眉間に力を入れていたナカジマは、おもむろに目を開いて友人へ視線を向けた。
「イソノ、赤ずきんちゃんって知ってるか?」
「唐突にどうした。それ読み終わったならこっちに回してくれ。これもうすぐ読み終わる」
「あるところに、赤ずきんというかわいい女の子がいました」
「始めるな」
「ある日、赤ずきんは母親にお使いを頼まれて亡き祖母の墓参りに行くことになりました」
「祖母を殺すな。その段階では生きてるだろ」
「赤ずきんは森の中を歩いて祖母の家に行きました」
「森の中に墓があるのか?」
「コンコン。こんにちは、おばあさん。具合はどう?」
「生きてた! 墓参りはどうした!?」
「ちょっと風邪をひいただけさ。
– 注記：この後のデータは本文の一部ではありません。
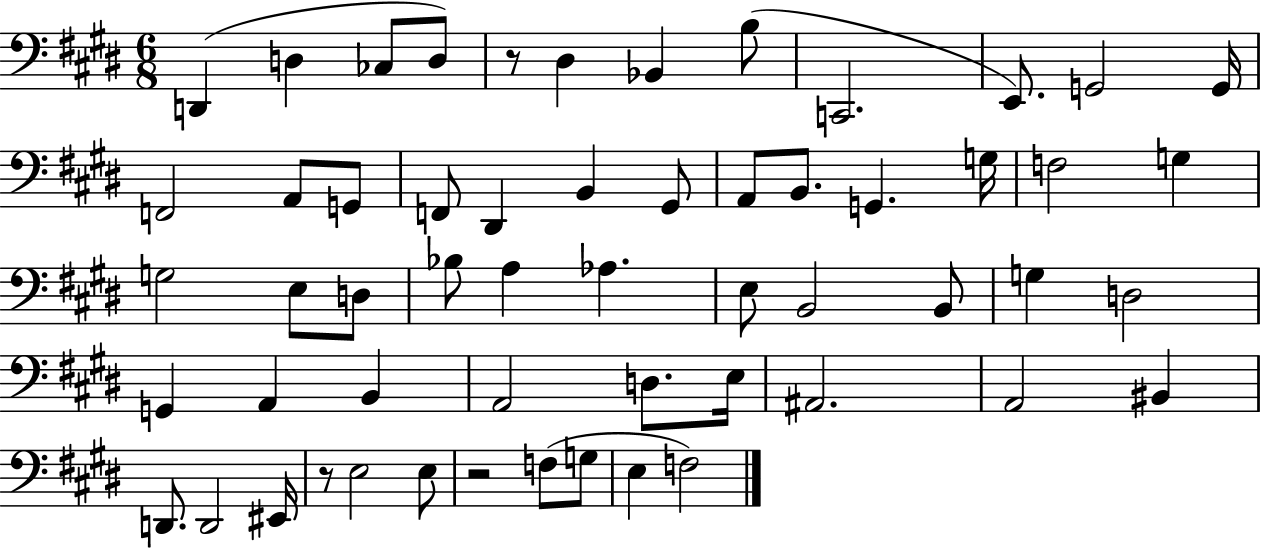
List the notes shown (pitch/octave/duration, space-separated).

たいしたことないよ」
「迫真の演技やめろ。笑う」
「おばあさん声が変よ? なんだかいつもより低いわ」
「あれ? やっぱ死んでる?」
「風邪で喉を傷めてしまってねぇ。赤ずきんちゃん、よかったら家で休んでおいき」
「狼に食われてるんじゃなかったっけ?」
「おじゃまします。あら? おばあさんいつもより体が大きいわ。どうしたの?」
「体の大きさより顔を見ろ。不審者だぞ」
「赤ずきんちゃんを抱きしめるために大きくなったのさ。さあおいで」
「頭からガブリって食われるやつだ」
「おばあさん、なんで私をベッドに引っ張るの?」
「赤ずきんちゃん逃げて!」
「それはね、お前を性的にいただくためさ!」
「急に生々しくなるな!」
「お婆さんは送り狼になって、赤ずきんは食べられてしまいました」
「お婆さんはどうした!? っていうか、急に小芝居を始めるな!」
「イソノ」
「なんだよ」
「この本、カバーと中身が違うぞ」
「!? ぅおおい! 早く教えろぉ!」
ナカジマがカバーを外すと、彼らの年齢で所持をするのはちょっと問題がある肌色が多めの漫画がポロリした。中身は童話を元ネタにしたそこそこハードな本だった。
「いい趣味してるよ」
「うおおお!! 見るなぁ!」
イソノは光の速さで本を奪い、即座にベッド下へアンダースローで投げ込んだ。勢いよく飛んでいった本はボゴン! と段ボールにあたったような鈍い音を立ててベッド下へ消えていった。
「続きが出たら貸してくれ」
「貸さねーよ!」
彼らは今日も仲がいい。
補足:イソノが持っていた肌色多めの本は、大学生のいとこが同棲することになり慌てて避難させたものです。一時的に預かっているだけで、イソノの所持品ではありません。
違うカバーをつけていた理由はお察しください。いとこの許可はあります。